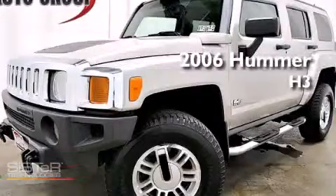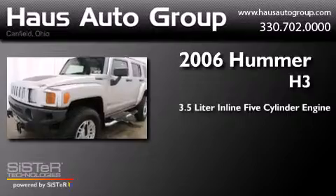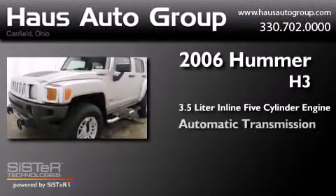This is a 2006 Hummer H3. It has a 3.5-liter, 5-cylinder engine and an automatic transmission.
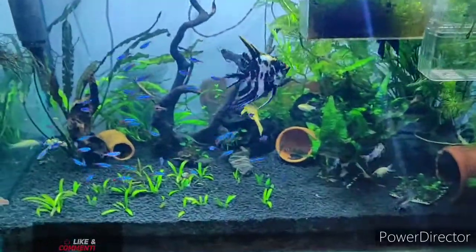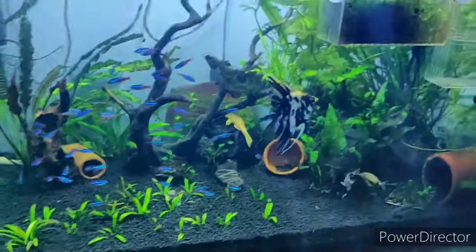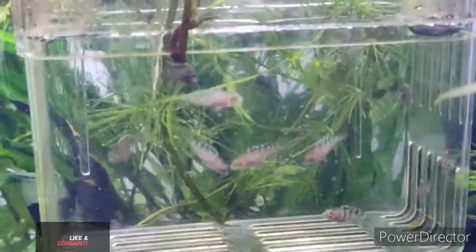Hello there, welcome to my channel. This is the planted tank that I have — just wanted to show all the fish that I have. Along with that, I also have kept some cichlid fry here.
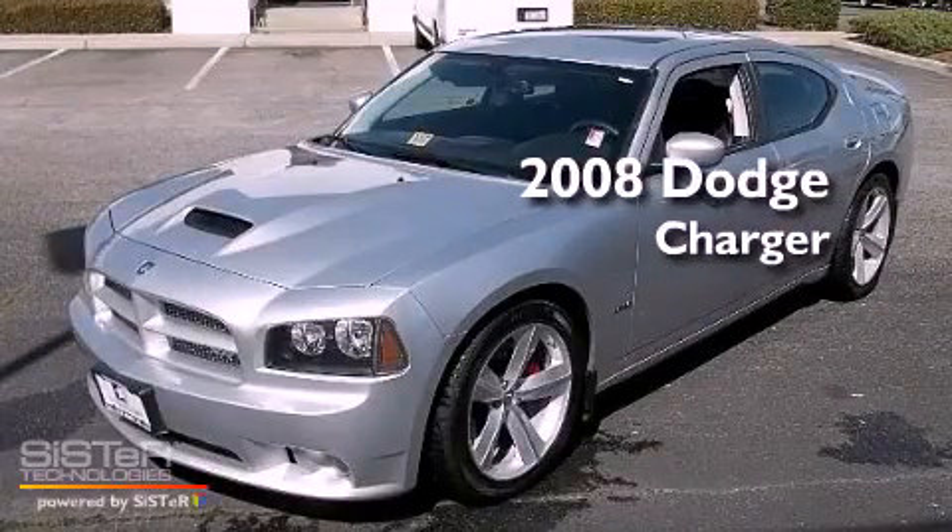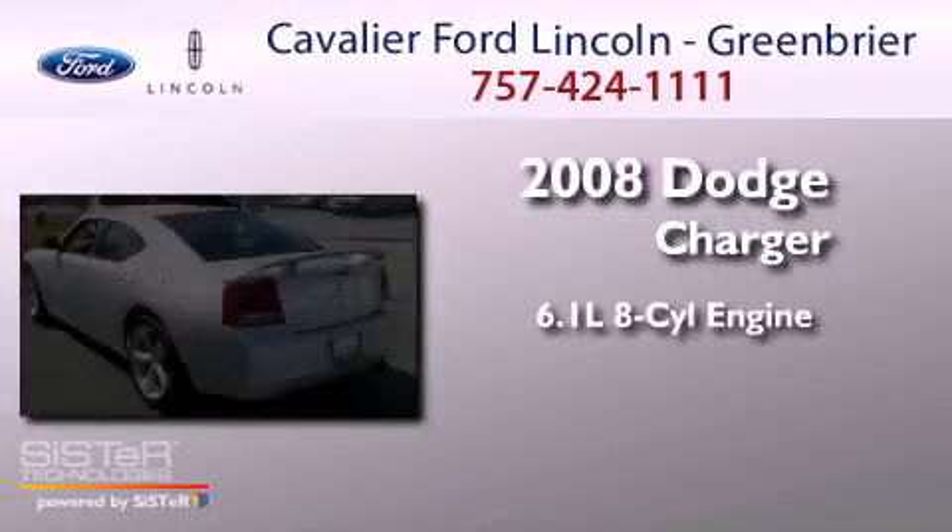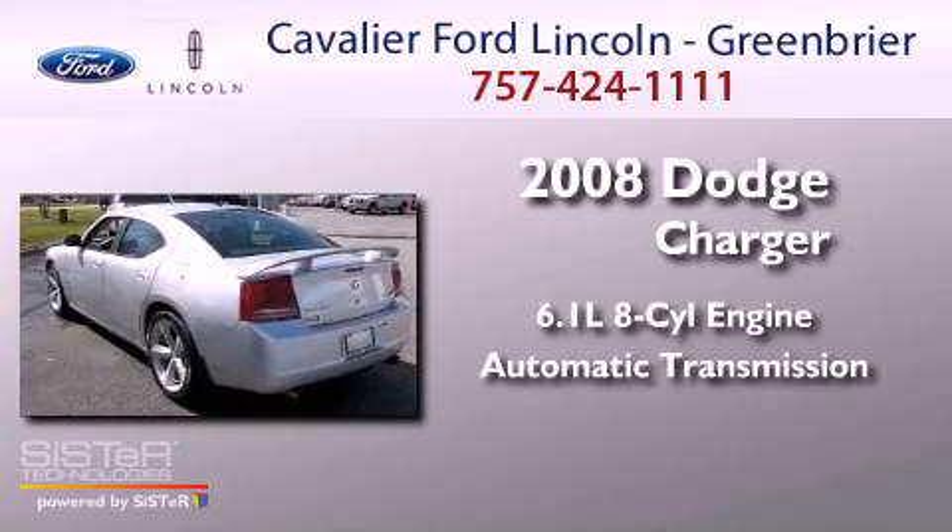This is a 2008 Dodge Charger. It has a 6.1-liter 8-cylinder engine and an automatic transmission.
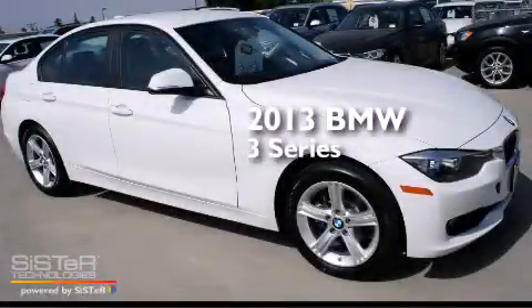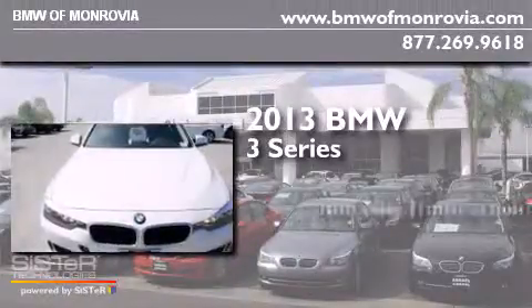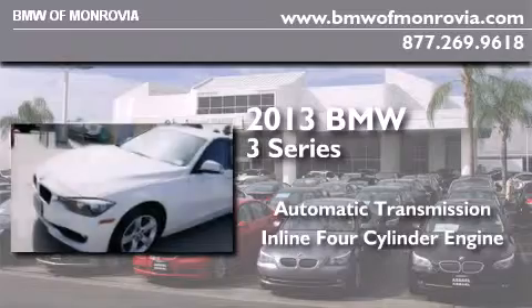This is a brand new 2013 BMW 3 Series. This car has an automatic transmission and an inline four-cylinder engine.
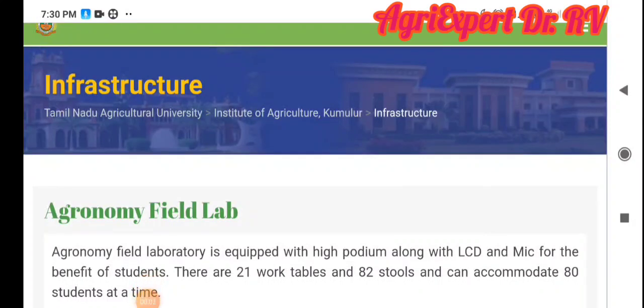Hello everyone, my name is AgribiNoth. In our channel, Diploma Agricultural and Diploma Horticulture, I will talk about the Diploma Agricultural Admission Process. I will tell you about 2 seats only per BCM and ST, and I will tell you about the college open.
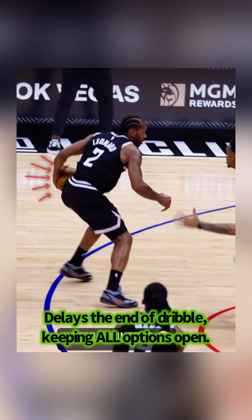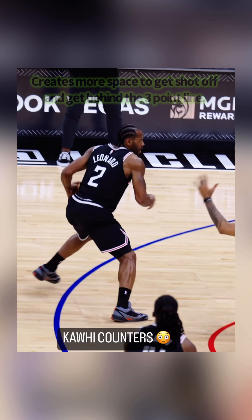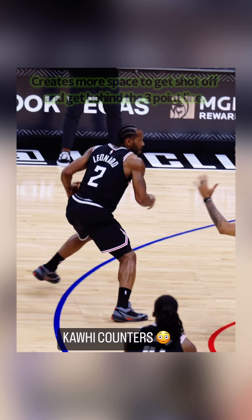Shot fake hesitation. Anchoring that left foot and going through his right leg. Then he attacks hard out to really sell the drive, dropping that inside shoulder, coming to a stop on his left leg. Then using that inverted drag or snatch to create stop separation. Delaying the end of his dribble, giving him a pause moment to read, and keeping all of his options open.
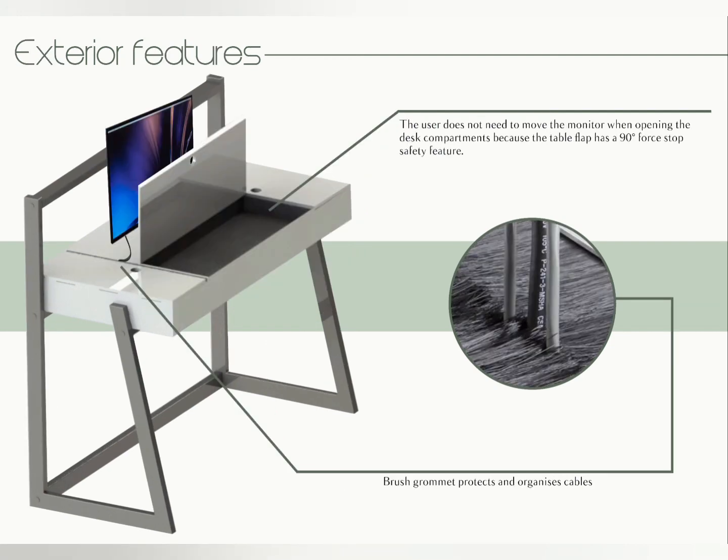The separation of open and closed compartments keeps the workspace visually tidy and allows the user to securely store their valuables, cables and notes within the desk without the concern of losing or breaking items.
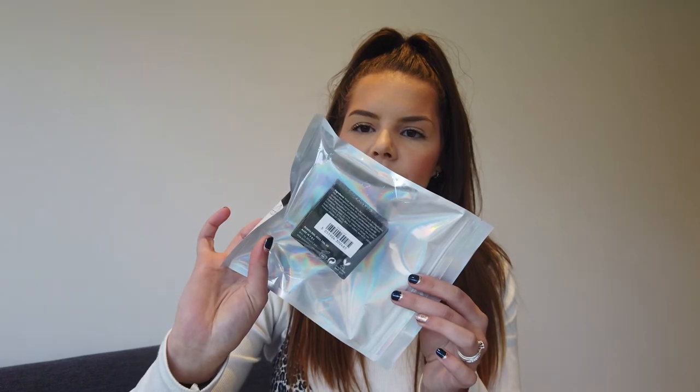I'm planning a little giveaway soon so I ordered a few bits for that — I can't remember exactly what I ordered, so this is a bit of a preview. There's what I think is a jelly highlighter, the liquid crystal eyeshadows, and an eyeshadow face palette as well.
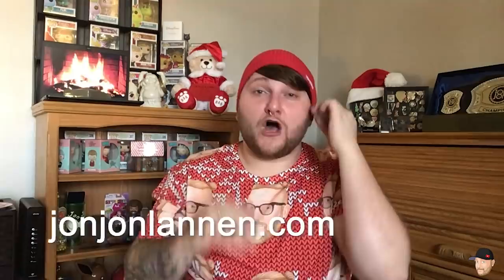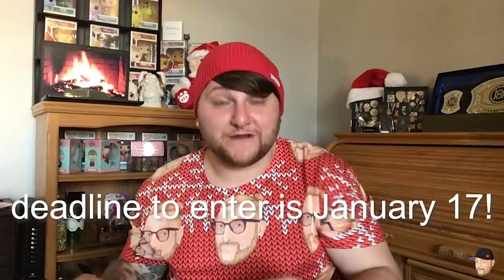All right, so this is our Christmas subscriber giveaway box, valued at over $200! One lucky subscriber is going to get this box personally shipped to them. All you have to do to win is be subscribed to me, John John Lannan, at JohnJohnLannan.com, and comment a heart emoji. You can comment one heart or a million hearts — every single heart comment gets you an entry. You can comment on this video and every other video until I announce the winner on the January 25th video.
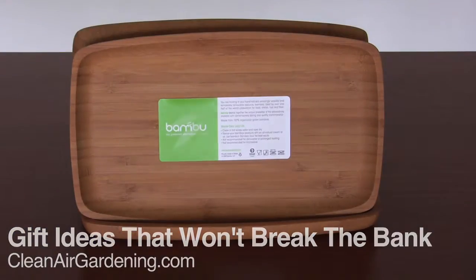CleanAirGardening.com. Hi, Chris here from Clean Air Gardening. Today we're talking about some cheap gift ideas — and by cheap, I mean they're all under $20, so they're going to save you some money. We've got an entire section full of these kind of gift ideas. This is just a sampling of some of the great things we have to offer.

= = = = =

(REQUIREMENT)
Omitting all pictures, reproduce the records above in their entirety.

(COMPLETED TASK)
This is a 2006 Hummer H3. It has a 3.5-liter, 5-cylinder engine and an automatic transmission.
Hello there, welcome to my channel. This is the planted tank that I have — just wanted to show all the fish that I have. Along with that, I also have kept some cichlid fry here.
This is a 2008 Dodge Charger. It has a 6.1-liter 8-cylinder engine and an automatic transmission.
This is a brand new 2013 BMW 3 Series. This car has an automatic transmission and an inline four-cylinder engine.
Hello everyone, my name is AgribiNoth. In our channel, Diploma Agricultural and Diploma Horticulture, I will talk about the Diploma Agricultural Admission Process. I will tell you about 2 seats only per BCM and ST, and I will tell you about the college open.
Shot fake hesitation. Anchoring that left foot and going through his right leg. Then he attacks hard out to really sell the drive, dropping that inside shoulder, coming to a stop on his left leg. Then using that inverted drag or snatch to create stop separation. Delaying the end of his dribble, giving him a pause moment to read, and keeping all of his options open.
The separation of open and closed compartments keeps the workspace visually tidy and allows the user to securely store their valuables, cables and notes within the desk without the concern of losing or breaking items.
I'm planning a little giveaway soon so I ordered a few bits for that — I can't remember exactly what I ordered, so this is a bit of a preview. There's what I think is a jelly highlighter, the liquid crystal eyeshadows, and an eyeshadow face palette as well.
All right, so this is our Christmas subscriber giveaway box, valued at over $200! One lucky subscriber is going to get this box personally shipped to them. All you have to do to win is be subscribed to me, John John Lannan, at JohnJohnLannan.com, and comment a heart emoji. You can comment one heart or a million hearts — every single heart comment gets you an entry. You can comment on this video and every other video until I announce the winner on the January 25th video.
CleanAirGardening.com. Hi, Chris here from Clean Air Gardening. Today we're talking about some cheap gift ideas — and by cheap, I mean they're all under $20, so they're going to save you some money. We've got an entire section full of these kind of gift ideas. This is just a sampling of some of the great things we have to offer.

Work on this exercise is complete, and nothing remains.